Clinical phenotypes and quality of life to define post-COVID-19 syndrome: a cluster analysis of the multinational, prospective ORCHESTRA cohort.


Publication links



Lack of specific definitions of clinical characteristics, disease severity, and risk and preventive factors of post-COVID-19 syndrome (PCS) severely impacts research and discovery of new preventive and therapeutics drugs.


This prospective multicenter cohort study was conducted from February 2020 to June 2022 in 5 countries, enrolling SARS-CoV-2 out- and in-patients followed at 3-, 6-, and 12-month from diagnosis, with assessment of clinical and biochemical features, antibody (Ab) response, Variant of Concern (VoC), and physical and mental quality of life (QoL). Outcome of interest was identification of risk and protective factors of PCS by clinical phenotype, setting, severity of disease, treatment, and vaccination status. We used SF-36 questionnaire to assess evolution in QoL index during follow-up and unsupervised machine learning algorithms (principal component analysis, PCA) to explore symptom clusters. Severity of PCS was defined by clinical phenotype and QoL. We also used generalized linear models to analyse the impact of PCS on QoL and associated risk and preventive factors. CT registration number: NCT05097677.

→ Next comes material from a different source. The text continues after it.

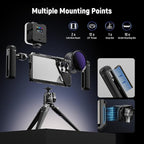 NEEWER S25 Ultra Phone Cage, PA082 Mobile Video Rig Phone Stabilizer for Video Recording with PA045E Bluetooth Side Handle, 67mm Filter Adapter, 17mm Lens Backplate & T Mount Compatible with Moment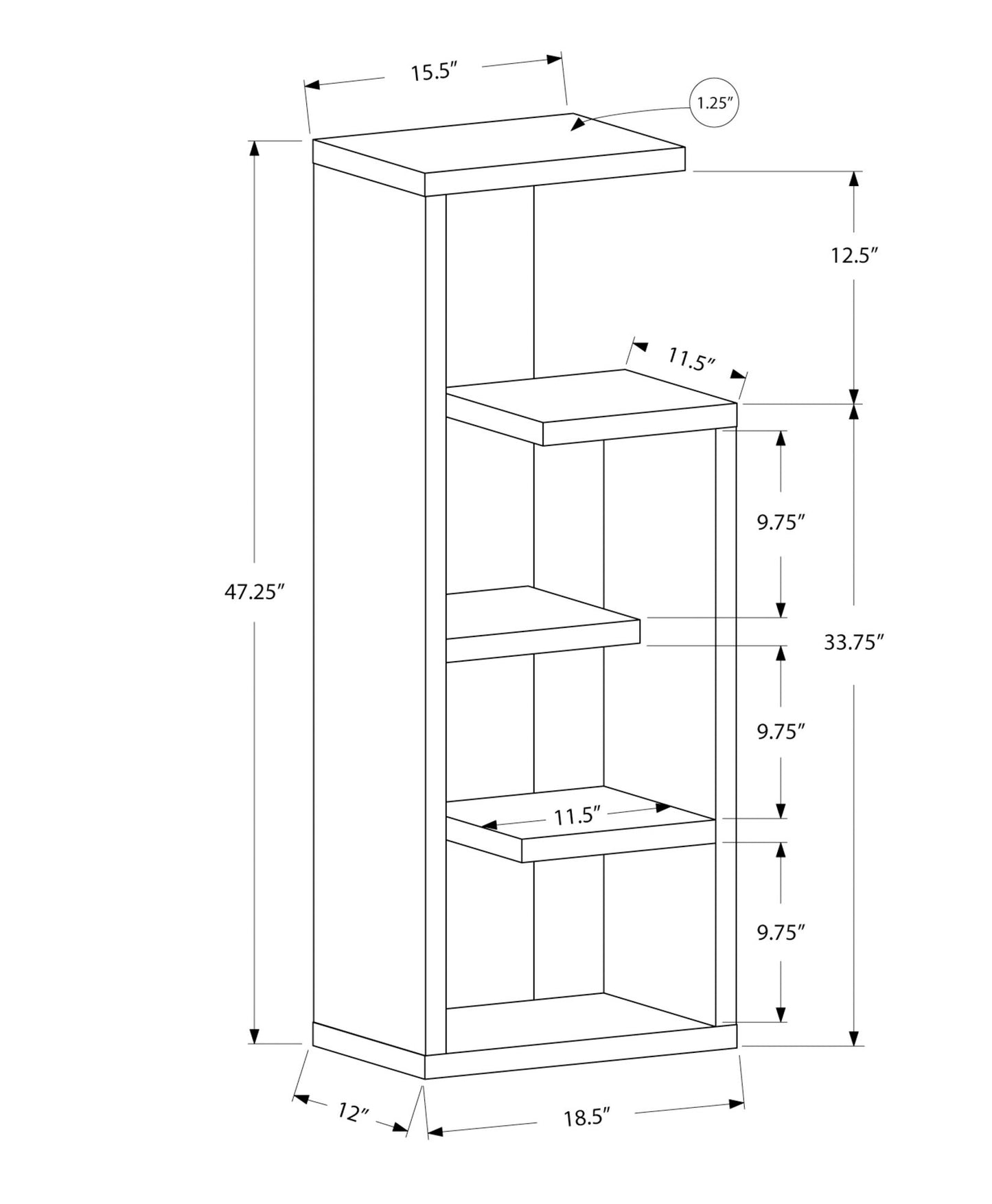 Bookshelf, Bookcase, Etagere, 4 Tier, For Office, Contemporary & Modern - Taupe 8th Street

Among 1796 patients enrolled, 1030 (57%) suffered from at least one symptom at 12-month. PCA identified 4 clinical phenotypes: chronic fatigue-like syndrome (CFs: fatigue, headache and memory loss, 757 patients, 42%), respiratory syndrome (REs: cough and dyspnoea, 502, 23%); chronic pain syndrome (CPs: arthralgia and myalgia, 399, 22%); and neurosensorial syndrome (NSs: alteration in taste and smell, 197, 11%). Determinants of clinical phenotypes were different (all comparisons p < 0.05): being female increased risk of CPs, NSs, and CFs; chronic pulmonary diseases of REs; neurological symptoms at SARS-CoV-2 diagnosis of REs, NSs, and CFs; oxygen therapy of CFs and REs; and gastrointestinal symptoms at SARS-CoV-2 diagnosis of CFs. Early treatment of SARS-CoV-2 infection with monoclonal Ab (all clinical phenotypes), corticosteroids therapy for mild/severe cases (NSs), and SARS-CoV-2 vaccination (CPs) were less likely to be associated to PCS (all comparisons p < 0.05). Highest reduction in QoL was detected in REs and CPs (43.57 and 43.86 vs 57.32 in PCS-negative controls, p < 0.001). Female sex (p < 0.001), gastrointestinal symptoms (p = 0.034) and renal complications (p = 0.002) during the acute infection were likely to increase risk of severe PCS (QoL <50). Vaccination and early treatment with monoclonal Ab reduced the risk of severe PCS (p = 0.01 and p = 0.03, respectively).


Our study provides new evidence suggesting that PCS can be classified by clinical phenotypes with different impact on QoL, underlying possible different pathogenic mechanisms. We identified factors associated to each clinical phenotype and to severe PCS. These results might help in designing pathogenesis studies and in selecting high-risk patients for inclusion in therapeutic and management clinical trials.


The study received funding from the Horizon 2020 ORCHESTRA project, grant 101016167; from the Netherlands Organisation for Health Research and Development (ZonMw), grant 10430012010023; from Inserm, REACTing (REsearch & ACtion emergING infectious diseases) consortium and the French Ministry of Health, grant PHRC 20-0424.



Gentilotti E, Górska A, Tami A, Gusinow R, Mirandola M, Rodríguez Baño J, Palacios Baena ZR, Rossi E, Hasenauer J, Lopes-Rafegas I, Righi E, Caroccia N, Cataudella S, Pasquini Z, Osmo T, Del Piccolo L, Savoldi A, Kumar-Singh S, Mazzaferri F, Caponcello MG, de Boer G, Hara GL; ORCHESTRA Study Group; De Nardo P, Malhotra S, Canziani LM, Ghosn J, Florence AM, Lafhej N, van der Gun BTF, Giannella M, Laouénan C, Tacconelli E. Clinical phenotypes and quality of life to define post-COVID-19 syndrome: a cluster analysis of the multinational, prospective ORCHESTRA cohort. EClinicalMedicine. 2023 Jul 21;62:102107. doi: 10.1016/j.eclinm.2023.102107. PMID: 37654668; PMCID: PMC10466236.